= Exercise =
Reproduce, from the lines below, exactly the stretch that begins at the line containing "Ilustrasi - Bukti" and ends at the line containing "KTM 125 DUKE", both included.
[[ Available data open ]]
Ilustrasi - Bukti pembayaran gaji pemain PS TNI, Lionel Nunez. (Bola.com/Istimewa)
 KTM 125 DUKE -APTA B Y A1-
[[ Available data closed ]]
[[ Available data open ]]
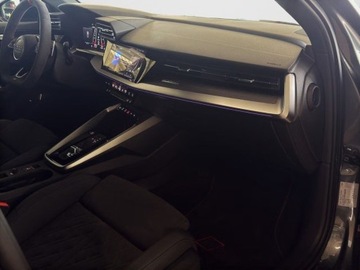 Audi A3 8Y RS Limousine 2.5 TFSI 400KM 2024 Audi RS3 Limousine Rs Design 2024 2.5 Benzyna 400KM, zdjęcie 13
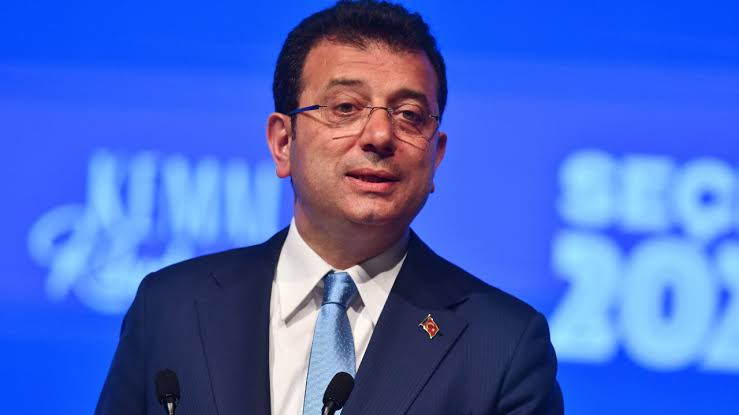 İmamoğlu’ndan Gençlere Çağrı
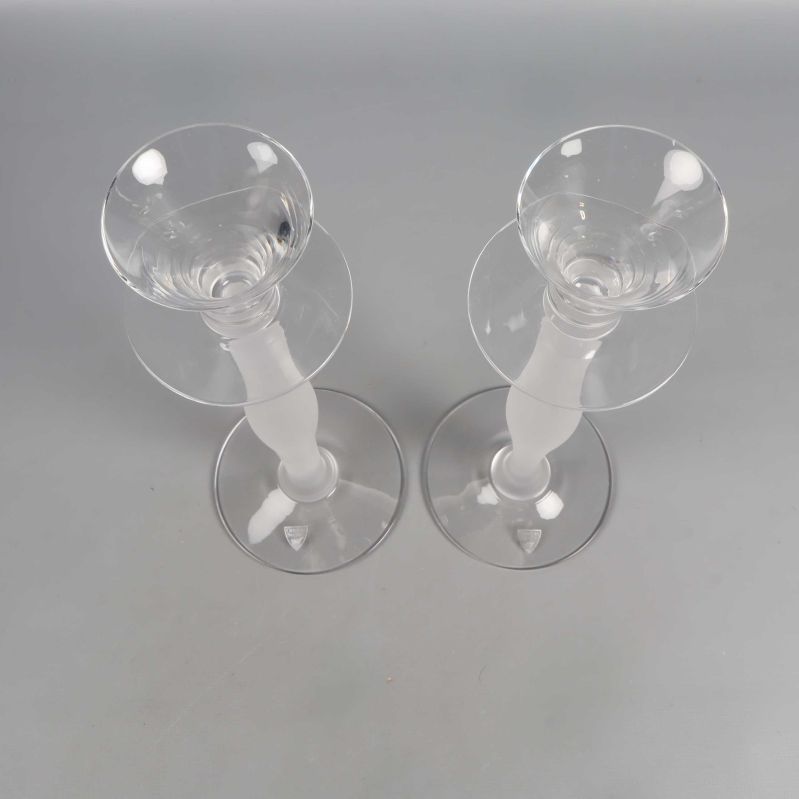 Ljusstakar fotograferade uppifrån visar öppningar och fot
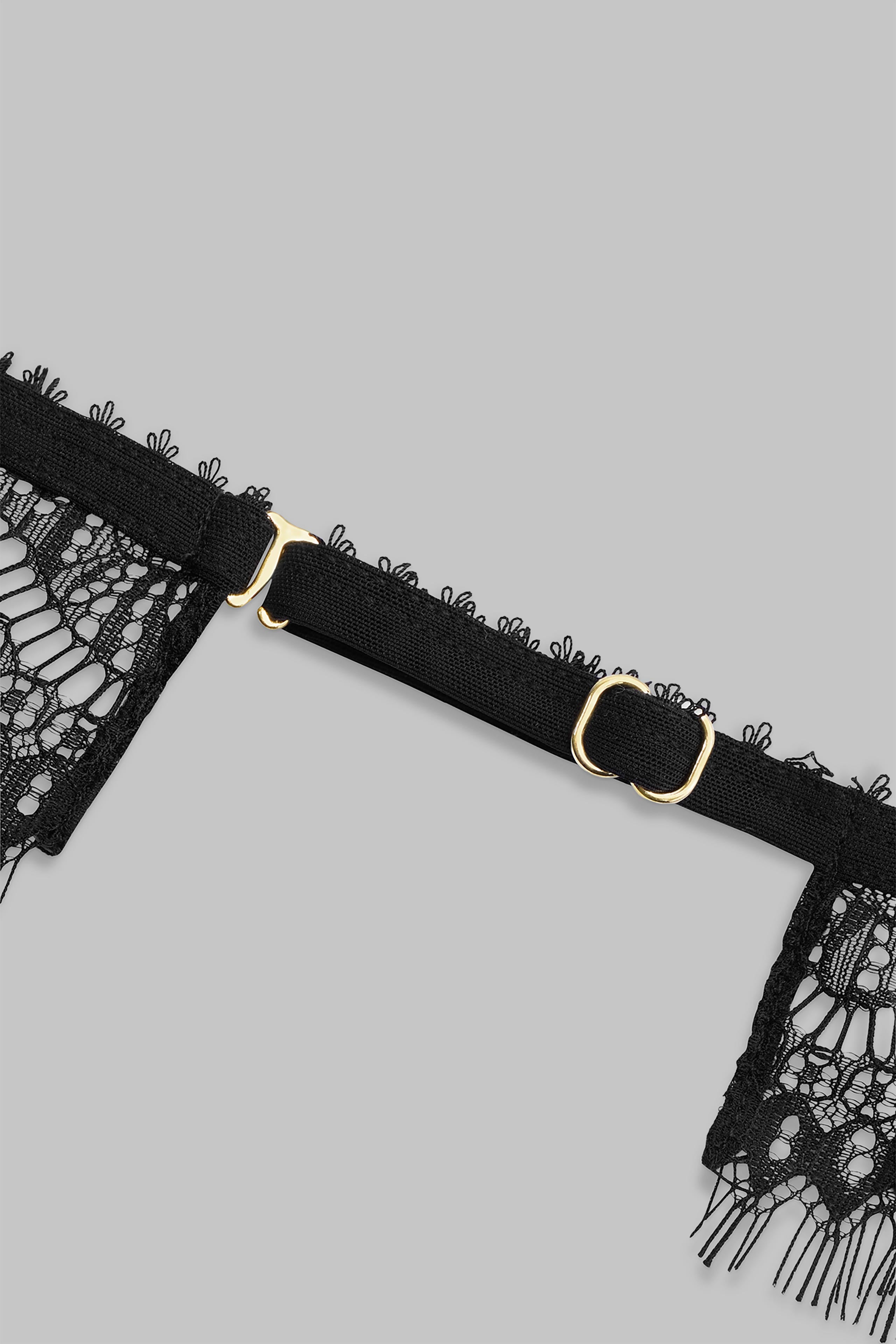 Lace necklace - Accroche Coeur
[[ Available data closed ]]
= Your solution =
Ilustrasi - Bukti pembayaran gaji pemain PS TNI, Lionel Nunez. (Bola.com/Istimewa)
 KTM 125 DUKE -APTA B Y A1-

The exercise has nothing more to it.